***** Data to examine *****

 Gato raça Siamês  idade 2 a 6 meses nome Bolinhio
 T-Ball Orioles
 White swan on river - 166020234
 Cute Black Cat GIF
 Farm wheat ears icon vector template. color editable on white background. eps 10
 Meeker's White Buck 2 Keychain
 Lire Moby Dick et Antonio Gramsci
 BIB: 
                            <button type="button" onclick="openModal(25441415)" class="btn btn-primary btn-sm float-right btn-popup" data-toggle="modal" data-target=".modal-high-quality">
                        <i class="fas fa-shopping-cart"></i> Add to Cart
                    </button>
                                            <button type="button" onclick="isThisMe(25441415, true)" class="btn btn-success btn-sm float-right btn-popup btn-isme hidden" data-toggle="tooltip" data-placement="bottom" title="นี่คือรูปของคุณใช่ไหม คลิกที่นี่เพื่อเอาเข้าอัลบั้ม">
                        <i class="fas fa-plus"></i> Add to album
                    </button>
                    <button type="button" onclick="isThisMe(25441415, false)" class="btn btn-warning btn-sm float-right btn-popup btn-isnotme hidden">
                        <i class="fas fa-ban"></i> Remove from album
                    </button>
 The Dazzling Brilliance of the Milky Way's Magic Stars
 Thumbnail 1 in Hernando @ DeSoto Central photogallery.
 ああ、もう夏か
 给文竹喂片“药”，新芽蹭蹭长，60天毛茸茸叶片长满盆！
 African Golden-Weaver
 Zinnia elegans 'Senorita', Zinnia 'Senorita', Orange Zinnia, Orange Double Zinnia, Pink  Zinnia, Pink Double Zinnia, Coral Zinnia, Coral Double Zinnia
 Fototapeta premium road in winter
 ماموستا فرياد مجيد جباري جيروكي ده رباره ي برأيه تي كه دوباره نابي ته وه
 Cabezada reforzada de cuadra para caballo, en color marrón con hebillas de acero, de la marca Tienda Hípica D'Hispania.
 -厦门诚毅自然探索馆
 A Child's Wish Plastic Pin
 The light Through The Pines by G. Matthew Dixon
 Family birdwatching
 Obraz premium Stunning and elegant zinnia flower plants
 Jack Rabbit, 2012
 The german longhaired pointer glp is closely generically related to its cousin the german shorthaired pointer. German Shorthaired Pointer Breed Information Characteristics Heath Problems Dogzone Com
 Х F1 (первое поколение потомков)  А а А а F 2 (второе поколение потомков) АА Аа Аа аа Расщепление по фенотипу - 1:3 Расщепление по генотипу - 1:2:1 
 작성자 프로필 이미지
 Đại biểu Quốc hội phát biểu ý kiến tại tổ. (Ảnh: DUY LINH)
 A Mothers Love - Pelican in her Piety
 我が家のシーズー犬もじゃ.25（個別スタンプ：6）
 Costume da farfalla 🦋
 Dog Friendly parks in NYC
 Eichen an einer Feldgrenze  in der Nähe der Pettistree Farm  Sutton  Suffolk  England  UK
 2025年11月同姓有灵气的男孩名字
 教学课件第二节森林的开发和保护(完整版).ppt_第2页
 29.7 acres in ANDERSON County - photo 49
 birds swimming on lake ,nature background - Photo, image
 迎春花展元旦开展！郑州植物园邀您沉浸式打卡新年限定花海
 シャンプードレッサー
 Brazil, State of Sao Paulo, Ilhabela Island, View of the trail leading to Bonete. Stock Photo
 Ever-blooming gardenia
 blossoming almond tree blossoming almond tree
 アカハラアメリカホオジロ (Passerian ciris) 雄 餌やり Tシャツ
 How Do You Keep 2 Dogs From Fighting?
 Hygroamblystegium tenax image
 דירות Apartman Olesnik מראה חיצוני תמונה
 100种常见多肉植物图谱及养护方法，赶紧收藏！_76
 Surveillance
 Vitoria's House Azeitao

*****

Look for the line that contains "アカハラアメリカホオジロ (Passerian ciris) 雄 餌やり Tシャツ" in the entries above. Set it down, along with all later lines, exactly as written.

§ **Task answer**
 アカハラアメリカホオジロ (Passerian ciris) 雄 餌やり Tシャツ
 How Do You Keep 2 Dogs From Fighting?
 Hygroamblystegium tenax image
 דירות Apartman Olesnik מראה חיצוני תמונה
 100种常见多肉植物图谱及养护方法，赶紧收藏！_76
 Surveillance
 Vitoria's House Azeitao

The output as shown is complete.